The Market Is Breaking, And Interest Rates Are Spiking
And Just Like That, The Market Rally Is Gone
JUN. 21, 2013
After two huge stock market sell-offs, some traders were speculating that we could see a “dead cat bounce” today.
But so far, the bounce has been pretty unremarkable.
After trading up 100 points at the open, the Dow has lost all of its gains. All three major stock market benchmarks have gone into the red.
Recent volatility in the markets appeared to be triggered on Wednesday afternoon when Federal Reserve Chairman Ben Bernanke suggested that the Fed could soon begin to taper, or gradually reduce, its extraordinary stimulative bond-buying program, aka quantitative easing.

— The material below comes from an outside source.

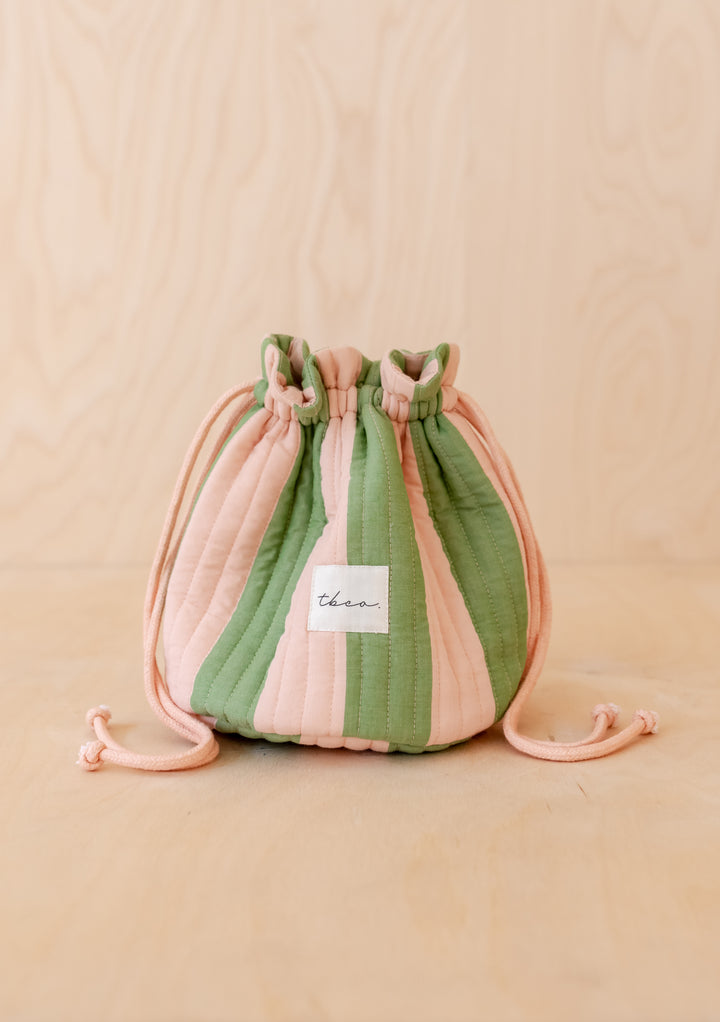 Cotton Wash Bag in Green Stripe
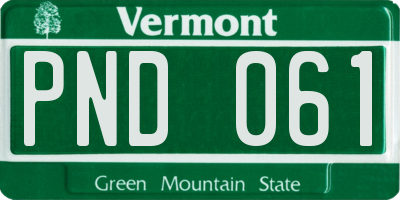 VT license plate PND061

For those who missed it, here are Bernanke’s exact words:
“Going forward, the economic outcomes that the Committee sees as most likely involve continuing gains in labor markets, supported by moderate growth that picks up over the next several quarters as the near-term restraint from fiscal policy and other headwinds diminishes. We also see inflation moving back toward our 2 percent objective over time. If the incoming data are broadly consistent with this forecast, the Committee currently anticipates that it would be appropriate to moderate the monthly pace of purchases later this year; and if the subsequent data remain broadly aligned with our current expectations for the economy, we would continue to reduce the pace of purchases in measured steps through the first half of next year, ending purchases around midyear.”
These comments were immediately followed by a surge in interest rates and a collapse in the stock markets, two trends which appear to be continuing into today.